Everyone knows that owls are the wisest of all creatures, and Owl knows everything—at least, he thinks he does, even if his information (and his spelling!) often turns out to be not quite right. Although Owl can be a know-it-all, he does want to help his friends. But it's his effort to help that often stirs up trouble in the Hundred Acre Wood, and Owl stirs it up better than ever in the theatrical release of "Winnie the Pooh."
"There's a note found by Christopher Robin's door," says director Don Hall. "Pooh can't make heads or tails of it, takes it to Owl, and Owl interprets 'gone out, busy, back soon' to mean that Christopher Robin has been kidnapped by a fearsome creature called a 'Backson.'"

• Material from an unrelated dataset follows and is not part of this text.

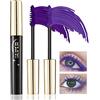 Lestpola Mascara Volume e Lunghezza - 2 Colori Viola - Impermeabile e Lunga Tenuta - Not Blooming Eye Lashes - Thick Curling Mascara per Donne - 08+09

The declaration triggers an all-out search for the Backson, who only exists in Owl's—and now everyone else's imaginations. "Owl is one of those guys, God bless him, who doesn't know how to say, 'I don't know,'" says talk show host Craig Ferguson, who provides the voice of Owl. "So he makes things up, he improvises so that his friends won't see how desperate he is—which is exactly like me."
- Owl is a true original. While characters Winnie the Pooh, Tigger, Piglet and Eeyore were inspired by the toys of author A.A. Milne's son, Owl was a character that was built on imagination alone.
- Owl is known for his self-proclaimed wisdom. Despite his claims of knowledge on assorted subjects—spelling is certainly not among them—Owl often misses the mark. It seems there's someone like Owl in every circle.
- From the film: "Artistic talent runs through my family," said Owl. "In fact, it practically stampedes."